In 1872 James Butler “Wild Bill” Hickok acted as master of ceremonies for a “Grand Buffalo Hunt” at Niagara Falls. Joseph G. Rosa’s article on the hunt in the Spring 2005 issue of Nebraska History reveals that Sidney Barnett had begun planning the event in 1869. Barnett and his father owned a museum on the Canadian side of Niagara Falls that was popular with tourists, and he believed that an event featuring live buffalo would be a major attraction at the falls. William F. “Buffalo Bill” Cody referred Barnett to John B. “Texas Jack” Omohundro, who promised to help secure the animals for the hunt. Barnett also tried to secure the help of Major Frank North, whose Pawnee scouts were famous on the frontier.
Barnett traveled to Fort McPherson in May of 1872 to further his plans. On June 12, the Omaha Weekly Herald published a letter from a correspondent at Fort McPherson dated June 3: “A novel undertaking is on foot here, and is of gigantic proportions. Colonel Sidney Barnett, of Niagara Falls, is getting up a grand Buffalo hunt at Niagara Falls, from the 1st to the 4th of July. He is now here for the purpose of completing arrangements and superintending the starting of the enterprise, and shipping the buffaloes East.
“He has secured the services of the celebrated scout and hunter, Mr.

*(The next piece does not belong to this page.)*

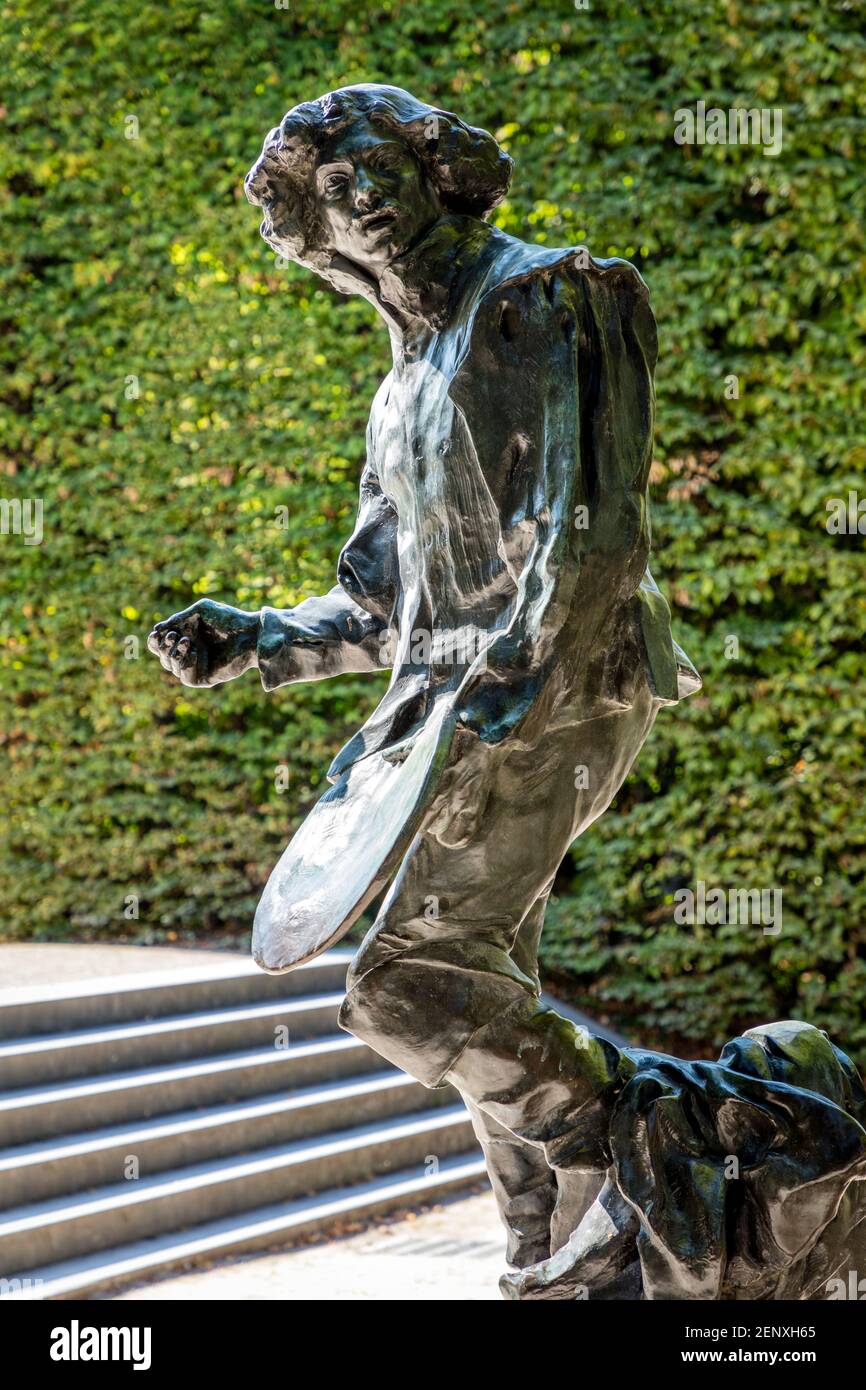 Auguste Rodins Bronzeskulptur des Malers Claude Lorrain im Garten des Musée Rodin, Paris, Frankreich Stockfoto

J. B. Omohundro, better known as ‘Texas Jack,’ the hero of the Loup Fork. ‘Texas Jack’ is a partner of ‘Buffalo Bill,’ and nothing that skill and foresight can accomplish will be spared to make this hunt a perfect success. Through the kindness of Major North, the commander of the Pawnee scouts, arrangements are being made for a party of Pawnee Indians . . . to go to Niagara with their fleet ponies and lodges, and full war and hunting equipment. The buffaloes will pass through Omaha the latter part of this, or early part of next month.”
But the grand event was plagued with problems. The Pawnee were refused permission by their agent to participate, Texas Jack backed out, and many of the captured buffalo died. With no hope of arranging a hunt in time for the Fourth of July, as originally planned, Barnett postponed the event. According to one account of the hunt, published in 1895, he “went to the Indian territory where he engaged some Sac and Fox Indians and Mexican cowboys, and secured a fresh lot of buffaloes for his show. It was in Kansas City that he met Bill Hickok, one of the most daring and dashing scouts in the west, and he engaged him to go east and manage the Niagara Falls buffalo hunt.”
The widely advertised performance finally took place on August 28 and 30, 1872, on the Canadian side of Niagara Falls. Some of the thousands of spectators were disappointed, claiming that the show was tamer than promised. Financially, it was a disaster. But despite overwhelming difficulties Sidney Barnett had brought before the public a live action spectacle with cowboys, Indians, and buffalo, and hired a living legend to host it-a formula that would later be amplified by “Buffalo Bill” Cody’s Wild West and its imitators.